Tales from the peloton, August 4, 2007

Ferdy and Géminiani play 'telephone'

One of the beautiful things about cycling is all the outrageous stories that get passed down through the generations. Sometimes the sagas are embellished a bit along the way, and keep growing like a big childhood game of 'telephone'. Cyclingnews' Les Woodland recounts another tale from the distant past.

Ferdinand Kübler (R)
Photo ©: AFP Photo
(Click for larger image)

Isn't it a shame when a good yarn dies? There's this lovely story about Ferdy Kübler, for instance. It says that in 1955 he was riding Mont Ventoux for the first time in the Tour de France when, characteristically, he went into a frantic attack from the start. Astonished and no doubt hoping not to have to retaliate, Raphaël Géminiani turned to him, told him to calm down, and said: "The Ventoux isn't a mountain like any other."
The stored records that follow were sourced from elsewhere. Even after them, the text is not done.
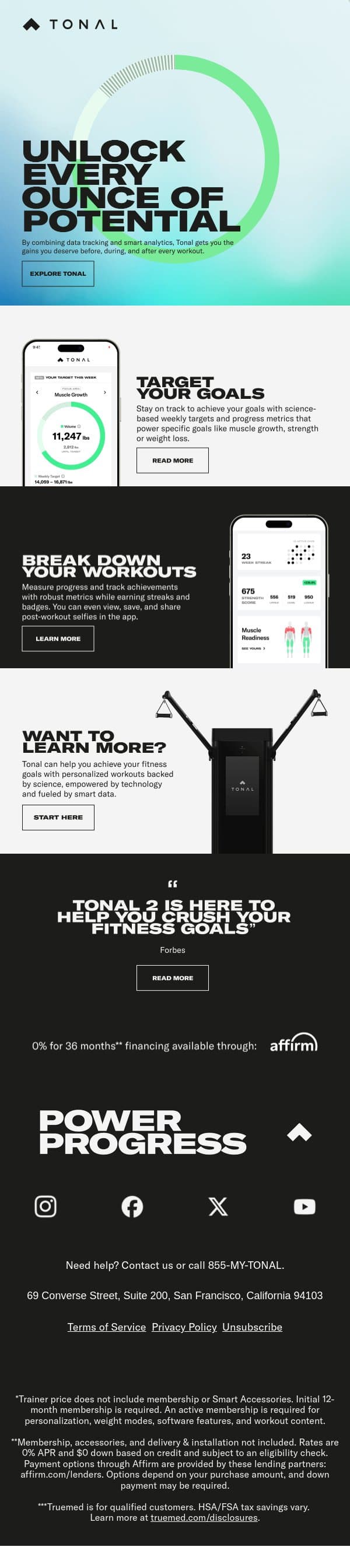 Become your strongest self. email from Tonal screenshot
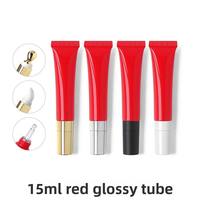 Tube souple cosmétique rouge 15 ml pour crème contour des yeux – Emballage de transfert – Bouteille en plastique vide à presser – Tube souple à presser pour soins de la peau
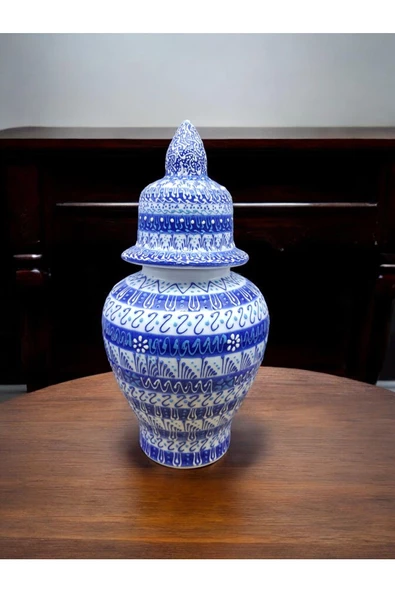sharpart  Otantik Desenli Orta Boy El Yapımı Ve El Desenli Klasik Çini Vazo (27 CM) - Resim 4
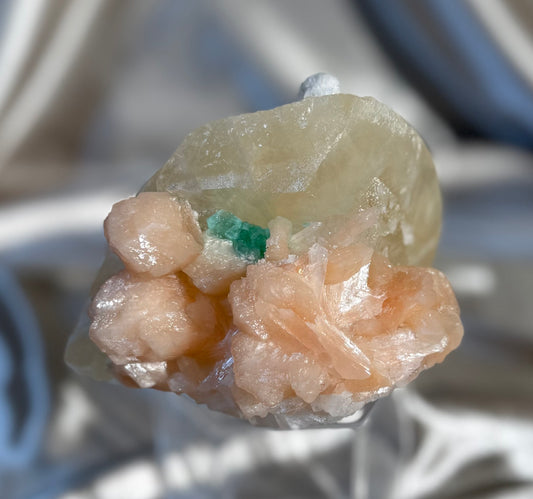 Calcite with Green Apophyllite and Stilbite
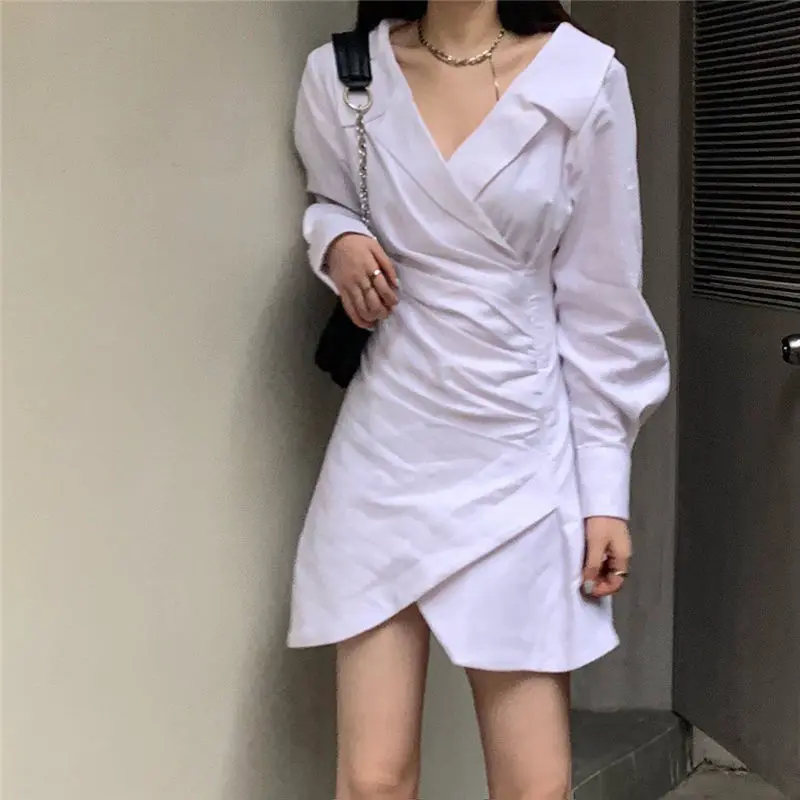 

Sugar20 Spring and Autumn New Design Sense White Shirt Skirt Large V-neck Long Sleeve Waist-Tight Irregular Dress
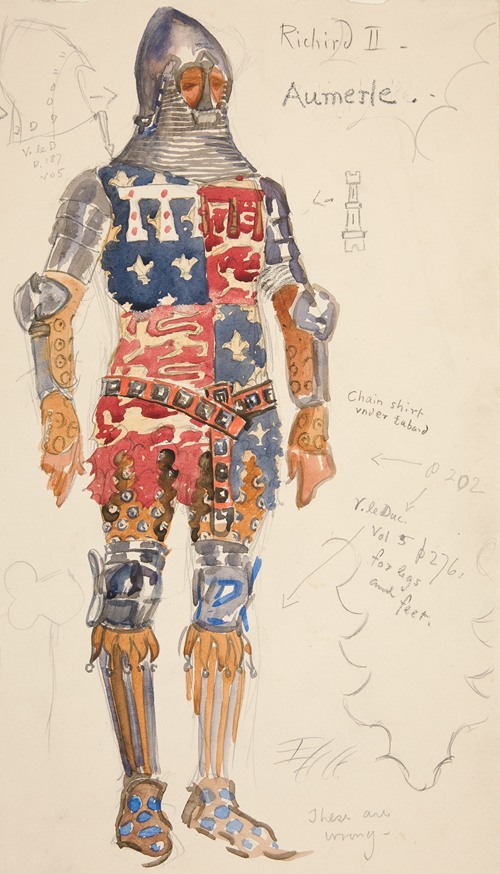 Aumerle (armed), costume sketch for Henry Irving’s 1898 Planned Production of Richard II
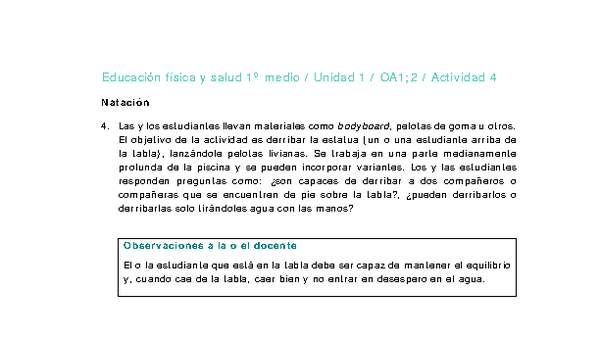 Educación Física 1 medio-Unidad 1-OA1;2-Actividad 4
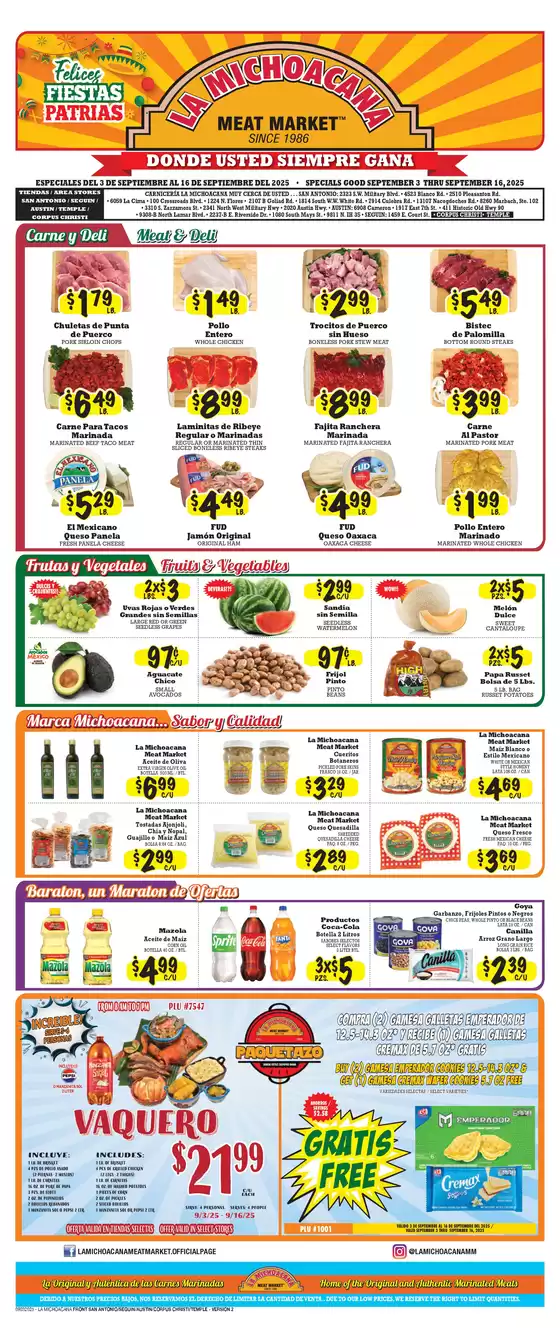 La Michoacana Weekly ad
To which Kübler replied in his characteristic way: "Ferdy also not racer like others; Ferdy grand champion win at Avignon." After which he attacked again 10km from the top, began foaming at the mouth, started weaving about the road and became delirious. On the way into Avignon where he thought he'd win, having been passed by Géminiani and by Louison Bobet, he ran into a bar. When he re-emerged and got on his bike and prepared to go off the wrong way, a startled drinker grabbed him and pointed him in the right direction.
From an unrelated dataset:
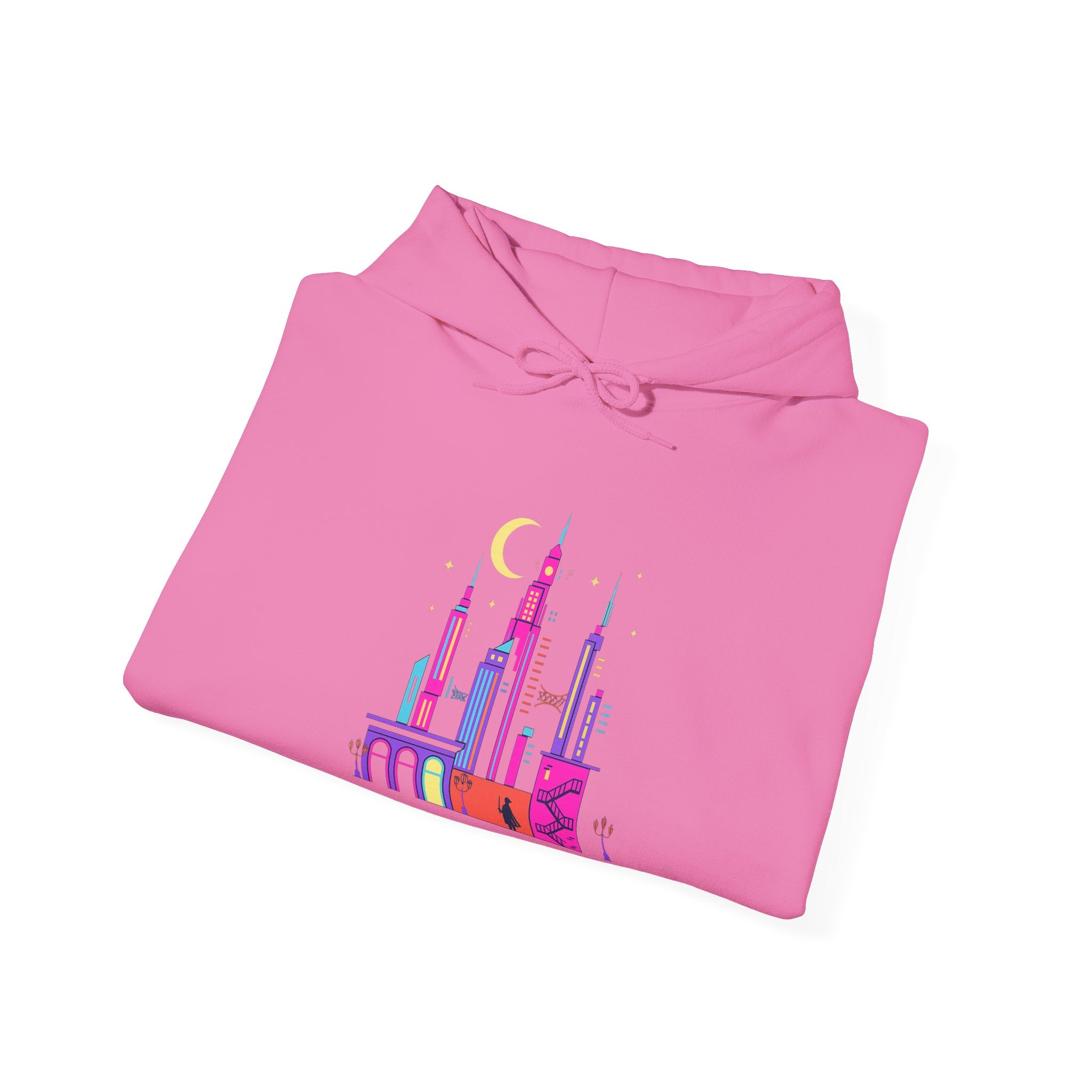 PRB Colorful City Skyline Hoodie – Vibrant Nighttime Urban Graphic by Printify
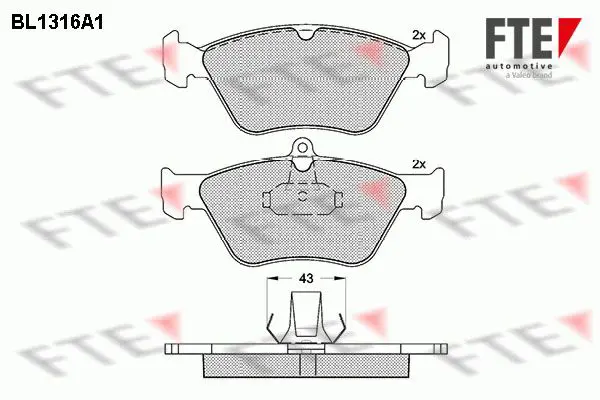 Handler.Part Brake pad set, disc brake FTE Automotive BL1316A1 1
Kübler then stared at him and shouted: "Stand back! Ferdy's going to explode!"

As stories go, it's hard to beat, isn't? The trouble is that the bit about "Ferdy also not racer like others" isn't true. Not according to Kübler, anyway. I can't speak for the café incident but in a recent interview in the French magazine Vélo, Kübler says: "It's not true. I never said that. Géminiani is a great storyteller. In the peloton his nickname was Telephone. We're good friends but this story, it isn't true."

"Ferdy attack now. France ready?"

-Ferdinand 'Ferdy' Kübler was a spirited and impulsive rider with questionable French

What certainly is true, though, is that Kübler decided at the end of that day that he wasn't going to ride any further. He announced that he was giving up racing, went to his room covered with plasters and bandages from his crashes on the way down the Ventoux, had a bad night's sleep and pulled out of the Tour next morning with the words "He is too old, Ferdy, he is too sick. Ferdy killed himself on the Ventoux."

He walked out of the Tour and never rode it again. Instead, he bought a flower shop in Zürich, the city near which he still lives and where he is the oldest living winner of the Tour de France.

Switzerland has a number of official languages and French is one of them. But Kübler comes from the German-speaking region and to this day he is still too shy about his talent in French to speak it very often.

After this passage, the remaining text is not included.